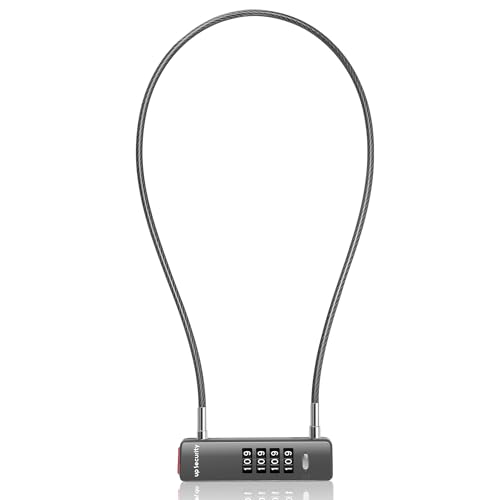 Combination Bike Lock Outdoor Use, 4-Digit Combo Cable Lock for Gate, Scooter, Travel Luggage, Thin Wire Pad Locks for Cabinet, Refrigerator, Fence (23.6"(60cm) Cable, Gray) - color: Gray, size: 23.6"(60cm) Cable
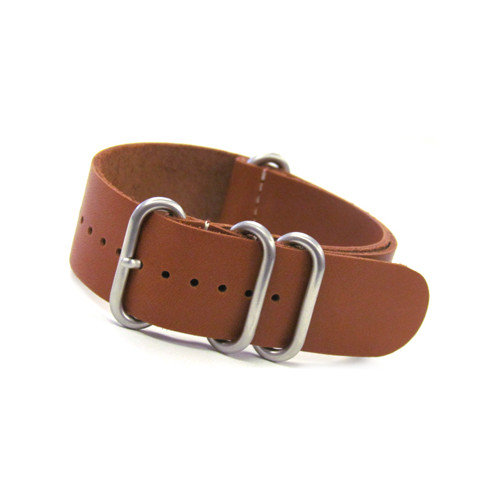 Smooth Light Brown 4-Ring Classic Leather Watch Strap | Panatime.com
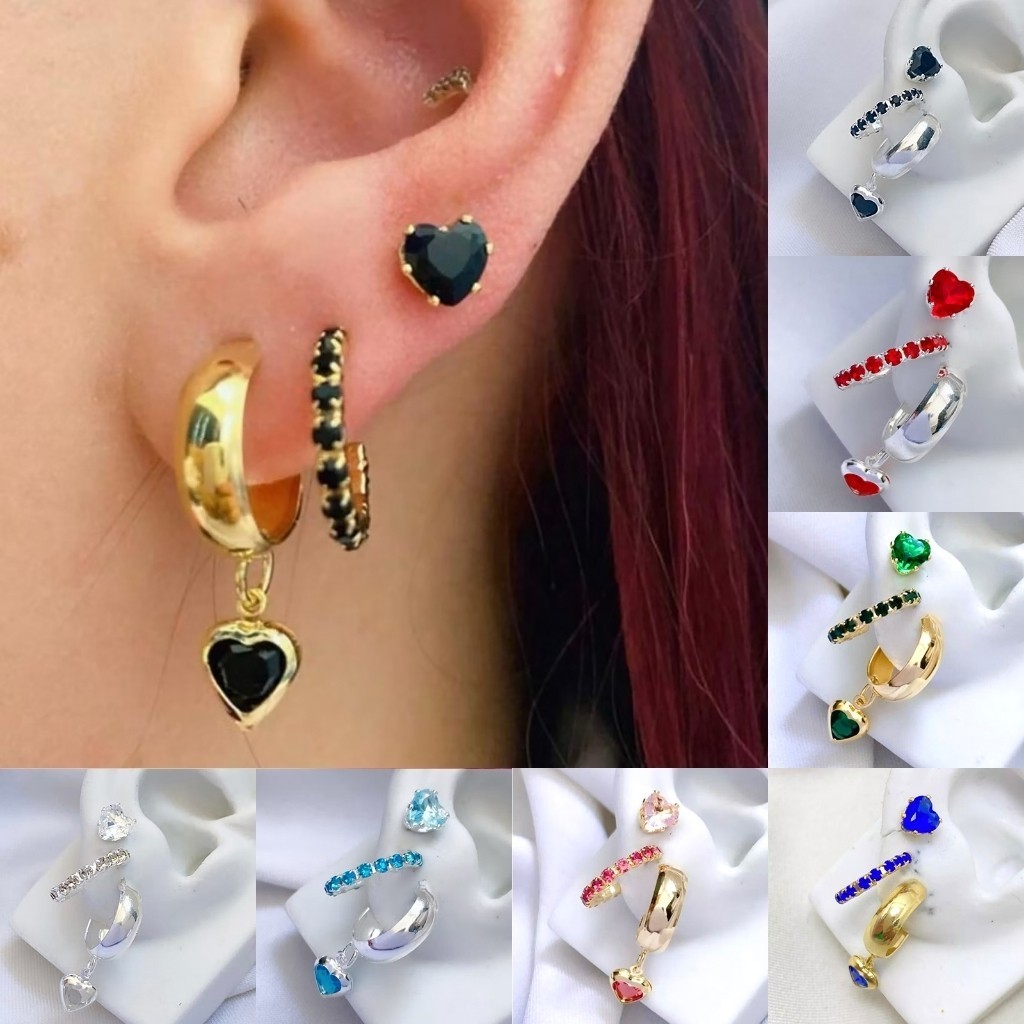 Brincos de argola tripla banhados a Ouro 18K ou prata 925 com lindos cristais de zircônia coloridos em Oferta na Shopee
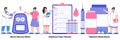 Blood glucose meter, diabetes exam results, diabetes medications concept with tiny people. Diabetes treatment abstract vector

########

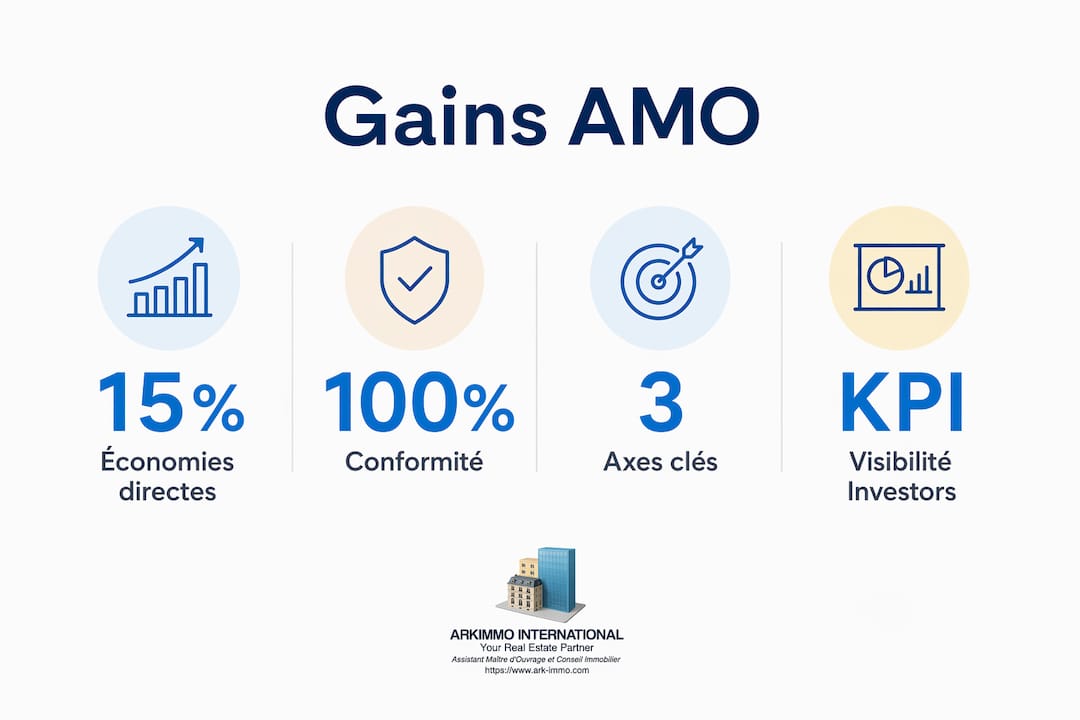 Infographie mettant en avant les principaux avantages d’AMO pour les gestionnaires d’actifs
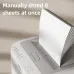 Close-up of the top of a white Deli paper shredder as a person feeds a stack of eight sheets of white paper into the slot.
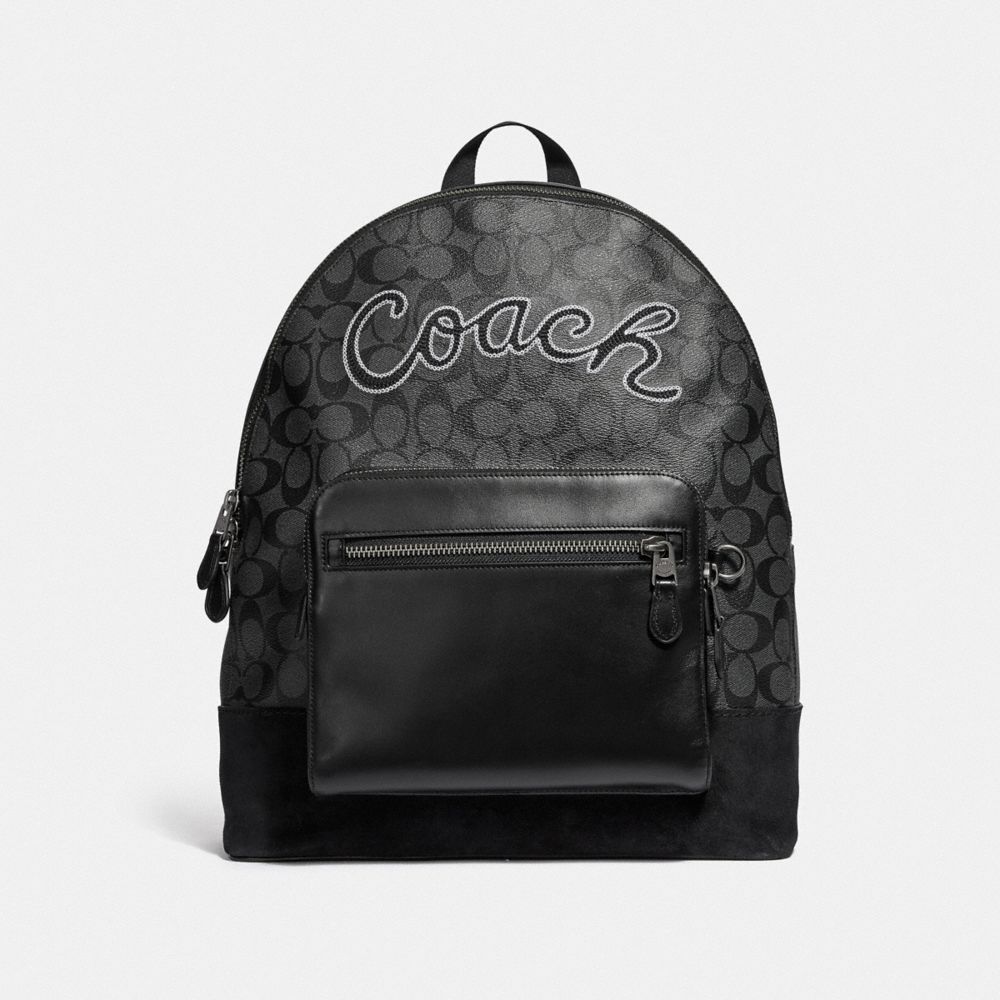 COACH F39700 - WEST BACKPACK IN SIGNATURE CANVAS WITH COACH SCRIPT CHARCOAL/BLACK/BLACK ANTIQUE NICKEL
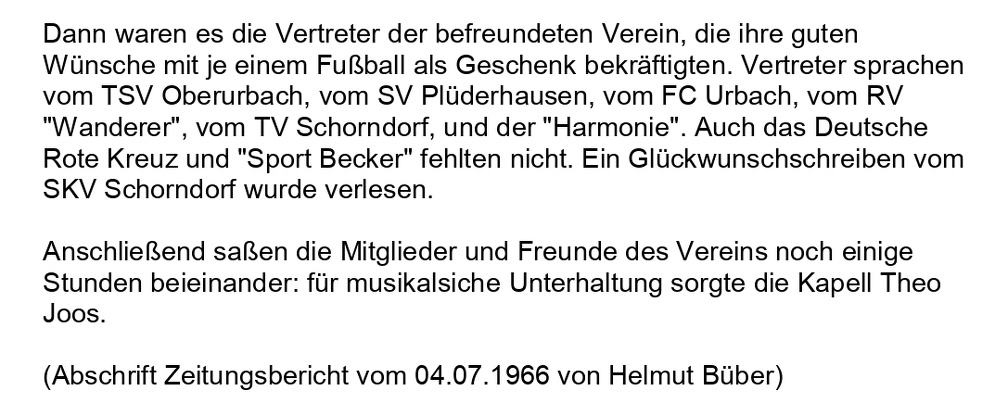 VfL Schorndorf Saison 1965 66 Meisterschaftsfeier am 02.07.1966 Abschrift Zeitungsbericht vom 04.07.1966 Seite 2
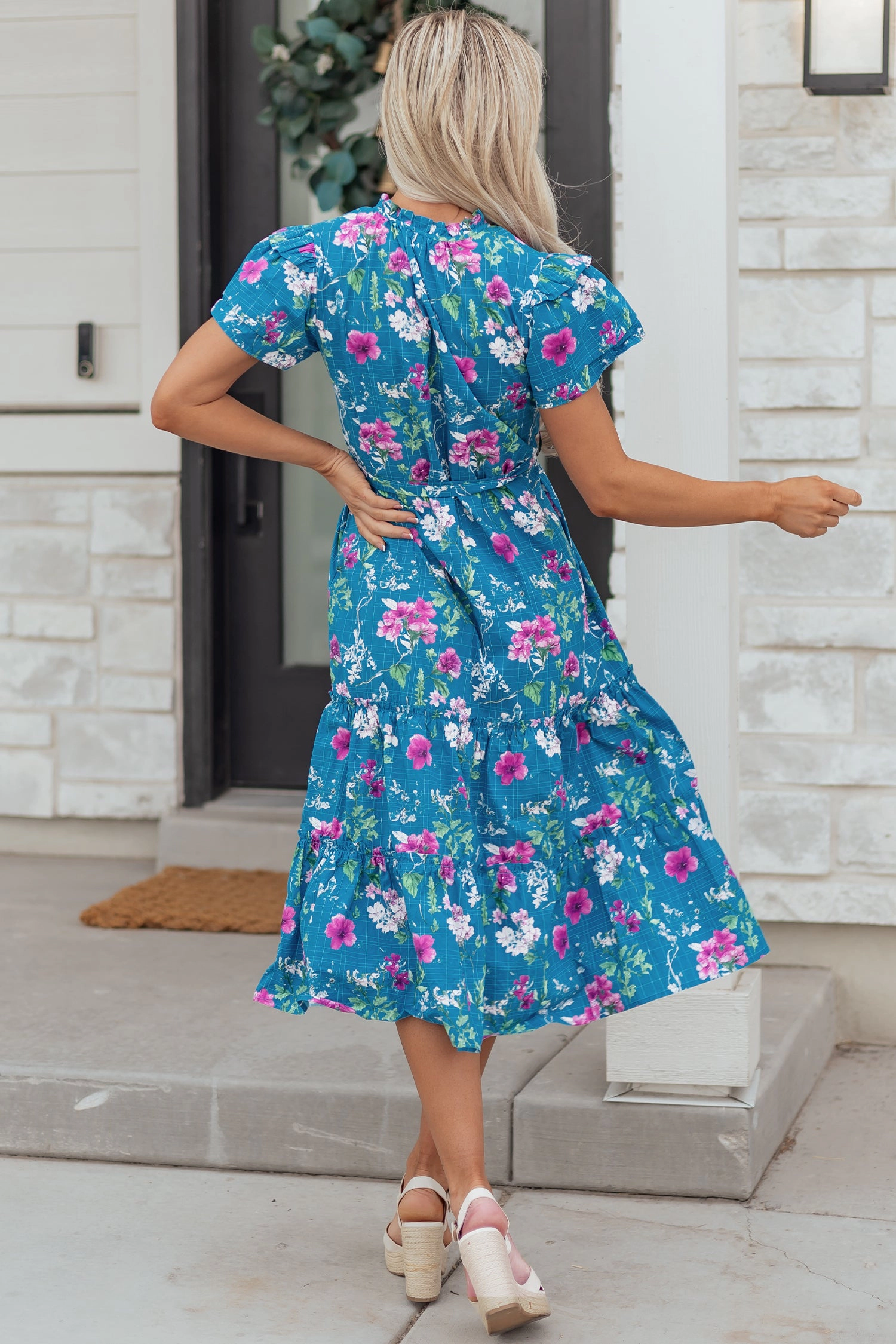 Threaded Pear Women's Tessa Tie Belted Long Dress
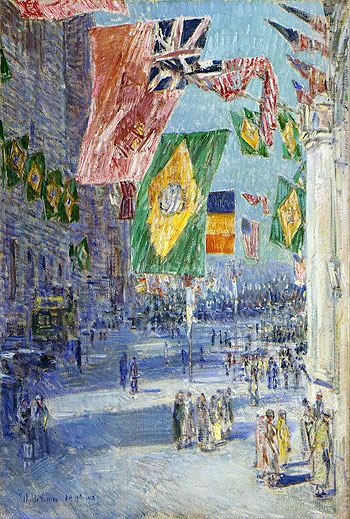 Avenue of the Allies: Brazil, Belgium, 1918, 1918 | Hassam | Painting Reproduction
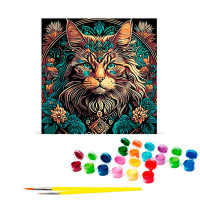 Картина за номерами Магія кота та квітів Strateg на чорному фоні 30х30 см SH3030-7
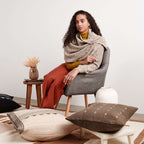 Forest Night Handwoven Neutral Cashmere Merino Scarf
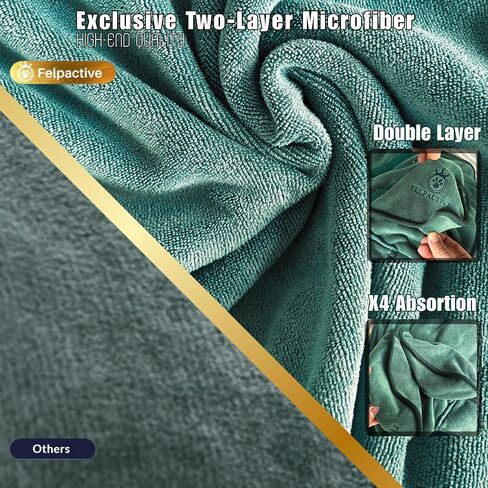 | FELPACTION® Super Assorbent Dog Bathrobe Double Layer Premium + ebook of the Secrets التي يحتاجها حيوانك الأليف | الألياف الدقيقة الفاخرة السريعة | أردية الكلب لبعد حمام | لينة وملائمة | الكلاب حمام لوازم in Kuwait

########

What the task requires: In the listing above, find the line with "Картина за номерами" and the line with "لوازم in Kuwait". Set down both and every line between them, minus the pictures.

Result:
 Картина за номерами Магія кота та квітів Strateg на чорному фоні 30х30 см SH3030-7
 Forest Night Handwoven Neutral Cashmere Merino Scarf
 | FELPACTION® Super Assorbent Dog Bathrobe Double Layer Premium + ebook of the Secrets التي يحتاجها حيوانك الأليف | الألياف الدقيقة الفاخرة السريعة | أردية الكلب لبعد حمام | لينة وملائمة | الكلاب حمام لوازم in Kuwait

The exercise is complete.